Tuesday, August 12, 2008

ASIA MARKETS: Shanghai Extends Fall, Mumbai Snaps Five-day Rally

Asian markets mostly declined Tuesday, with steelmakers such as Nippon Steel Corp. and Posco dropping on sliding commodity prices to outweigh gains in airline and automobile stocks such as Cathay Pacific Airways and Honda Motor Co.

The region was marked by choppy trading, which saw most indexes swerve between positive and negative territories.

Shanghai-listed stocks turned volatile, not much enthused by data, which showed consumer price index-based inflation for July rose at a slower-than- expected rate of 6.3% from the year-earlier month, in contrast to a surge in producer prices released Monday.
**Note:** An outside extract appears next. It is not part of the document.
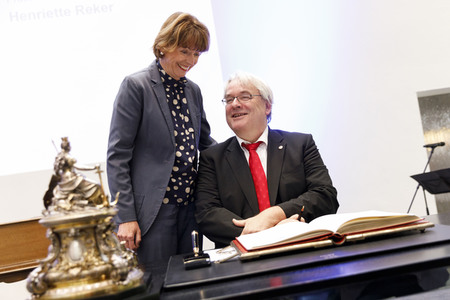 Eintrag von Axel Freimuth in das Goldene Buch der Stadt Köln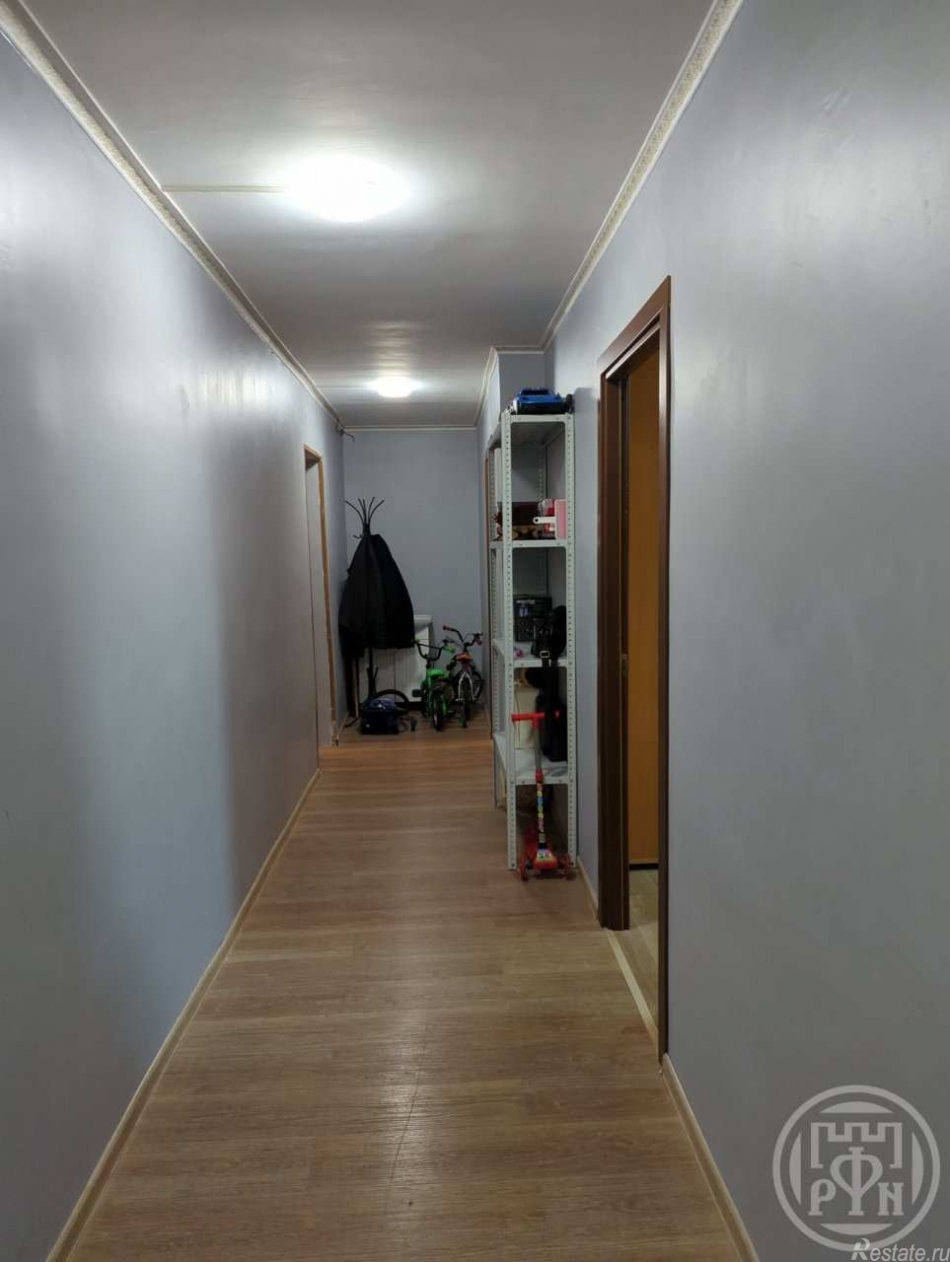 Продажа 3-комн квартиры на вторичном рынке Петергоф г., Чичеринская ул. ,  д. 3,  к. 2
"The [CPI inflation] number by itself is marginally positive, but it's not completely safe in terms of China's inflation, because the producer price index is definitely picking up," said Peter Pak, vice president at BOCI Research in Hong Kong. "It may have some effect [on consumer prices] several months later."

He was referring to China's PPI data released Monday, which showed wholesale inflation accelerated at a decade-high rate of 10% in July from the same month a year-ago.

The Shanghai Composite, which fell more than 9% in the two previous sessions, ended 0.5% lower at 2,475.20, after dropping as low as 2,430.85 earlier in the day. The benchmark index, which nearly doubled last year, has given up all its gains from 2007 and then some in 2008, tallying losses of more than 53% in the year to date.